La cour d’appel, présidée par Elisabeth Alannic,  a suivi ce raisonnement et note dans son arrêt du 11 janvier après avoir relevé l’existence certaine et non contestée de la transaction litigieuse :

« il résulte de ces éléments que la vente illégale de crack le 7 juin 2021 à 2h 17 par X se disant Ahmed B à Pierre a contribué de façon certaine à créer la situation ayant permis la réalisation du dommage, à savoir son décès, dont l’unique cause est l’intoxication aigüe à la cocaïne fumée ou inhalée ».

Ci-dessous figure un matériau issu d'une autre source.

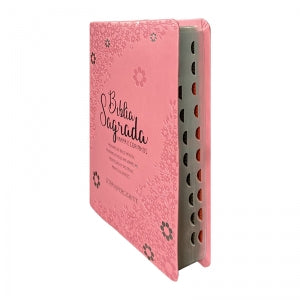 BIblia Hipergigante ARC Full Color c/ Harpa PU Luxo com Índice - Prateada Floral Margarida Rosa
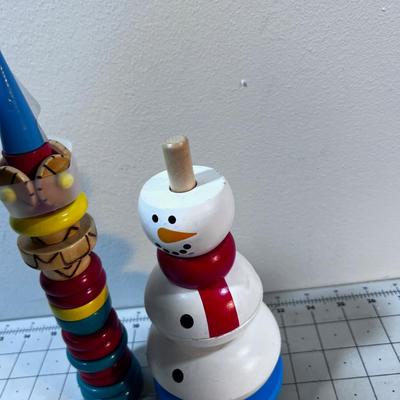 Wood Stacking toys: Tower and Snowman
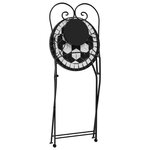 vidaXL Ensemble de bistro mosaïque noir et blanc fer et céramique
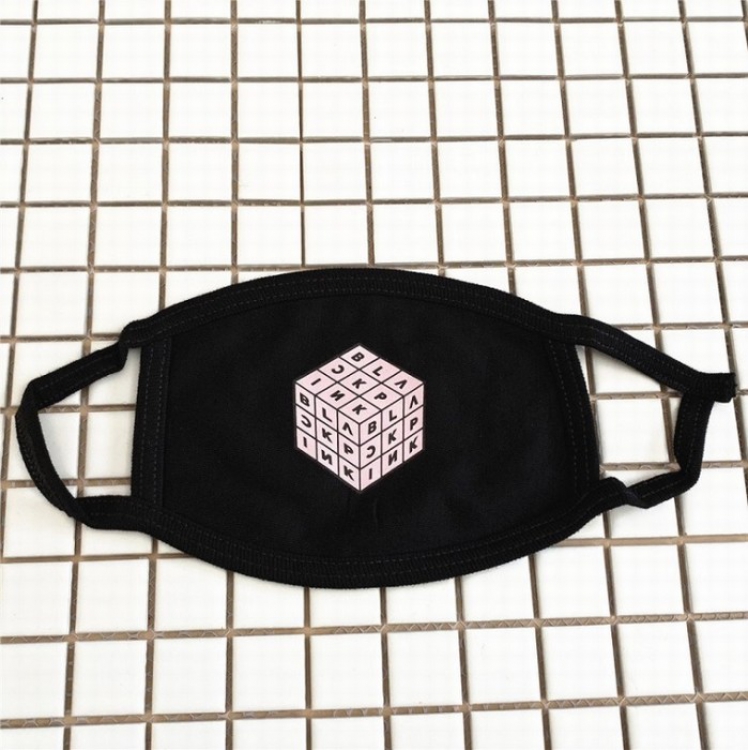 Black Pink Square Color printing Three layers of cotton Mask 25X11CM price for 5 pcs
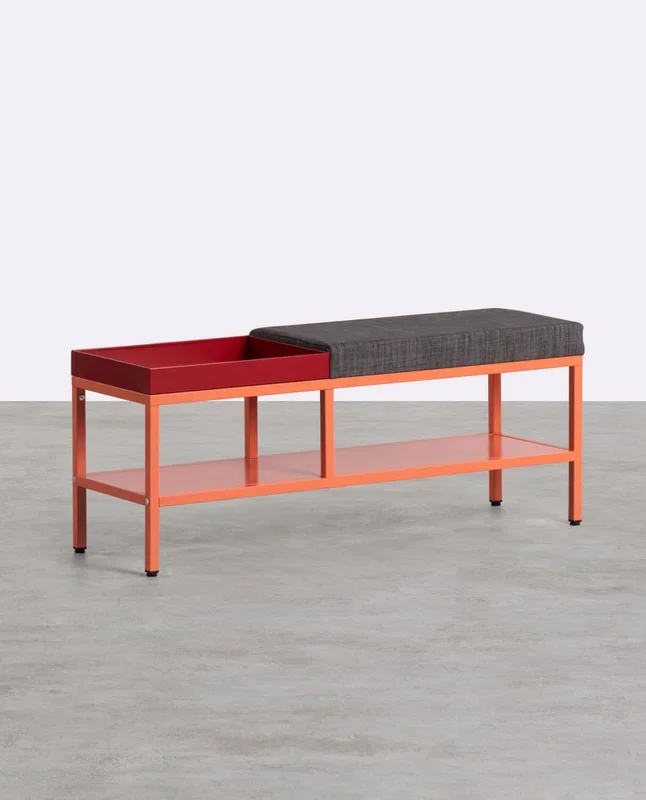 Banco Zapatero con Almacenaje de Acero Laminado Bruck Naranja Terra – The Masie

La cour a donc condamné Ahmed B. à 5 ans de prison avec maintien en détention pour homicide involontaire. « Nous avons été écoutés en appel ce qui n’avait pas été le cas en première instance, se félicite Me Philippe Ohayon, qui défendait la sœur de la victime. L’arrêt opère un rappel à la loi assez clair :  un lien indirect suffit entre la transaction et le décès pour caractériser l’homicide involontaire en matière de trafic de crack. La gravité est aussi importante que la causalité. Cet arrêt mériterait d’être publié  ». L’interdiction définitive du territoire national prononcée en première instance est confirmée en raison de la gravité des faits sanctionnés, de l’absence de lien familial en France et du fait que le prévenu n’a jamais eu d’autre activité en France que le trafic de crack.   « Cela ne rendra pas la vie à la victime, mais la famille est soulagée d’avoir été entendue et le juriste rassuré de lire que la vente de crack est une infraction extrêmement grave dont les auteurs doivent assumer l’entière responsabilité en cas de décès d’un consommateur » conclut Me Véra Goguidze, avocate de la famille de Pierre.